TASK MATERIAL:

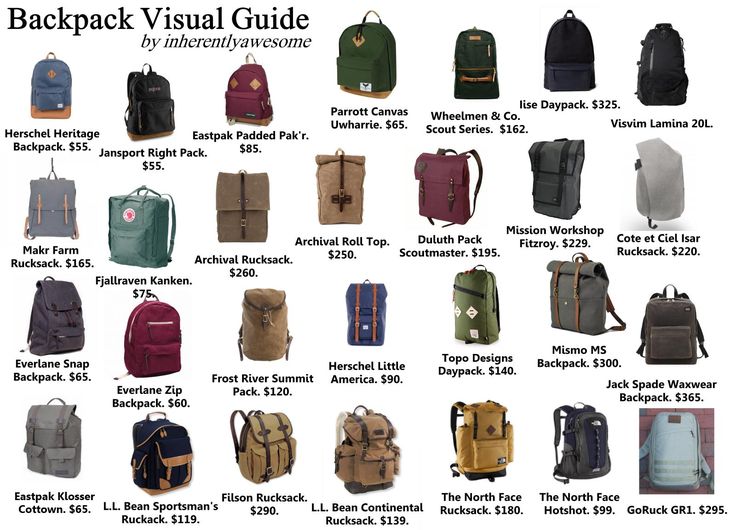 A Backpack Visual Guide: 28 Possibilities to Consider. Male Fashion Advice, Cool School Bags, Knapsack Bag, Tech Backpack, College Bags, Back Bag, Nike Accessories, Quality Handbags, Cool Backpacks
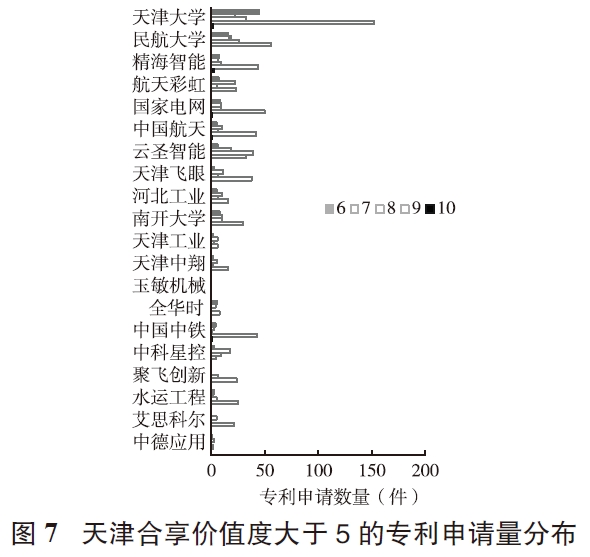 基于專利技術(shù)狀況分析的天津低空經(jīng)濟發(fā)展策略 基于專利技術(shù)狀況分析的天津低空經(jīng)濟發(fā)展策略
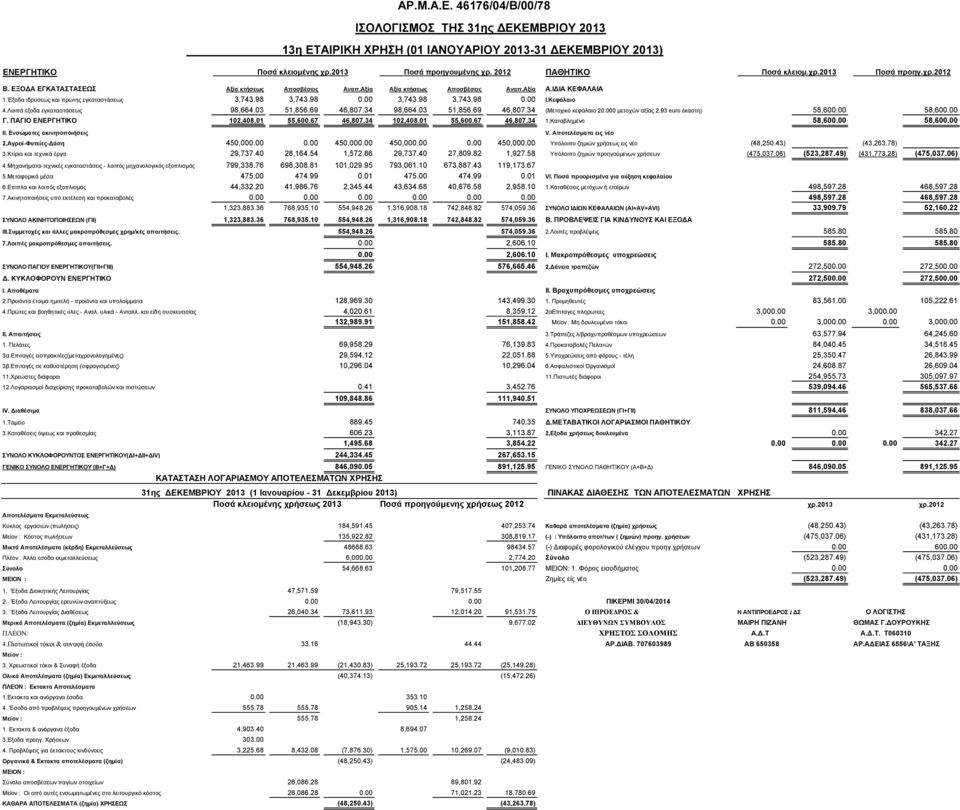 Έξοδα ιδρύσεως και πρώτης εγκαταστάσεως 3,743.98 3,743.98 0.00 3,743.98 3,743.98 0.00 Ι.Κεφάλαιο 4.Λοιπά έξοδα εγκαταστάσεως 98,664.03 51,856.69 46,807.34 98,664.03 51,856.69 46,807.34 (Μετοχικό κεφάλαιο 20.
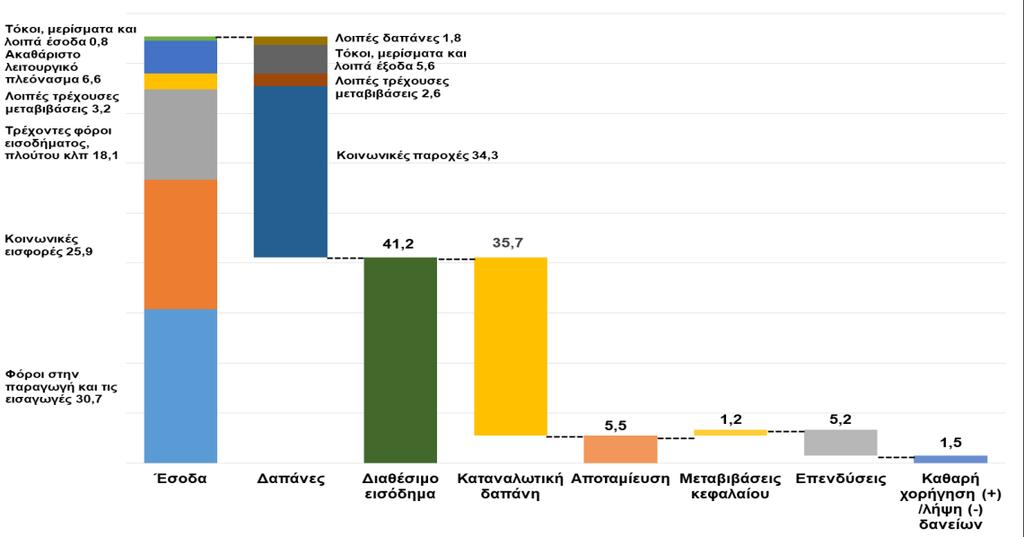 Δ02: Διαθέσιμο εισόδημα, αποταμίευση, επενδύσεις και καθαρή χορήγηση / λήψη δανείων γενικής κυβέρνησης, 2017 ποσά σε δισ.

* * *

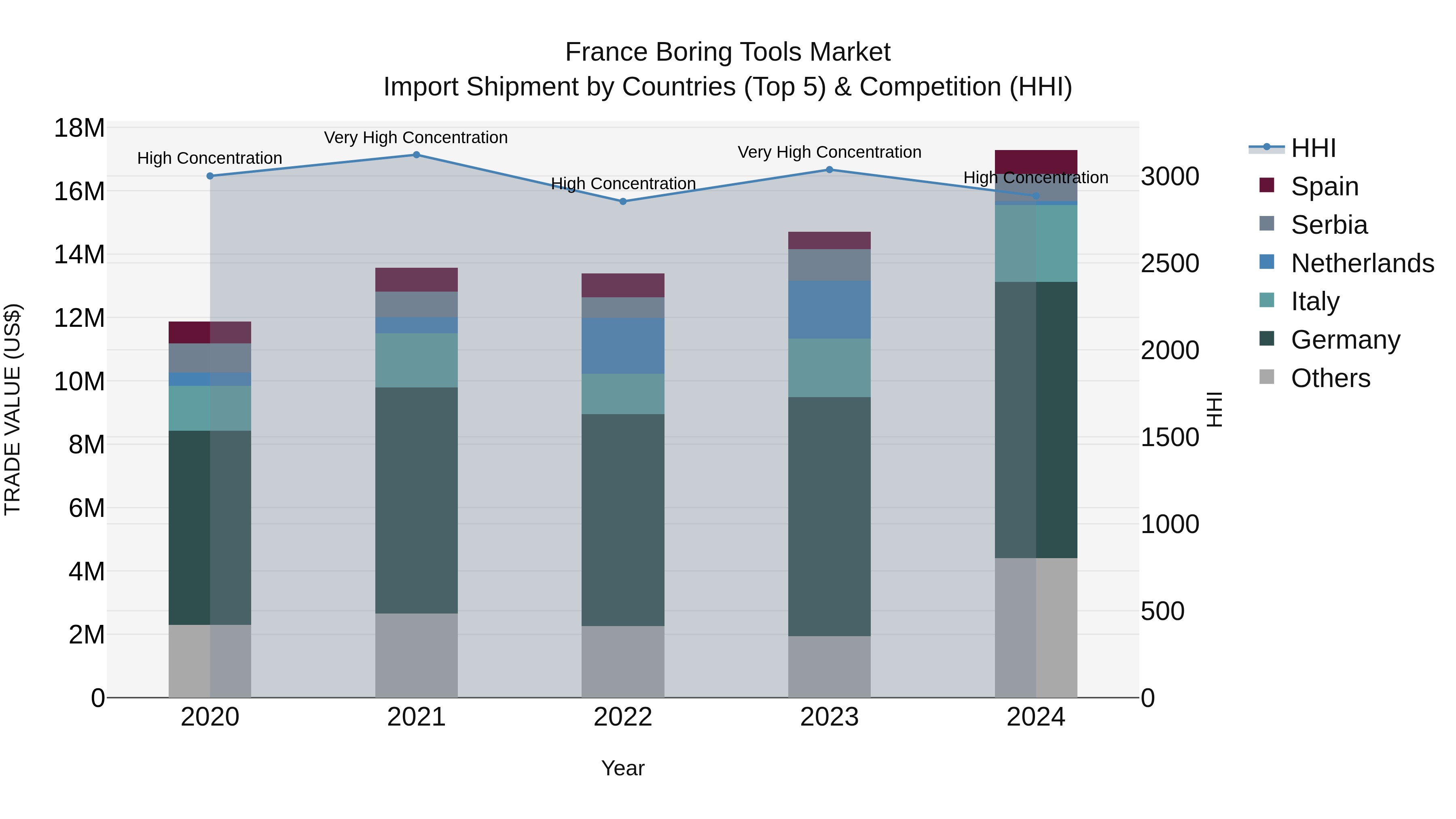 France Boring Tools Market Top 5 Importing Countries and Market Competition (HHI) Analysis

==

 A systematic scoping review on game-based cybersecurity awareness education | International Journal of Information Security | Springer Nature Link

PROBLEM:
Exactly the lines above from the one that contains "A Backpack Visual" down to the one that contains "Δ02: Διαθέσιμο εισόδημα, αποταμίευση, επενδύσεις" are to be output, both ends kept and pictures omitted.

SOLUTION TO THIS PROBLEM:
 A Backpack Visual Guide: 28 Possibilities to Consider. Male Fashion Advice, Cool School Bags, Knapsack Bag, Tech Backpack, College Bags, Back Bag, Nike Accessories, Quality Handbags, Cool Backpacks
 基于專利技術(shù)狀況分析的天津低空經(jīng)濟發(fā)展策略 基于專利技術(shù)狀況分析的天津低空經(jīng)濟發(fā)展策略
 Έξοδα ιδρύσεως και πρώτης εγκαταστάσεως 3,743.98 3,743.98 0.00 3,743.98 3,743.98 0.00 Ι.Κεφάλαιο 4.Λοιπά έξοδα εγκαταστάσεως 98,664.03 51,856.69 46,807.34 98,664.03 51,856.69 46,807.34 (Μετοχικό κεφάλαιο 20.
 Δ02: Διαθέσιμο εισόδημα, αποταμίευση, επενδύσεις και καθαρή χορήγηση / λήψη δανείων γενικής κυβέρνησης, 2017 ποσά σε δισ.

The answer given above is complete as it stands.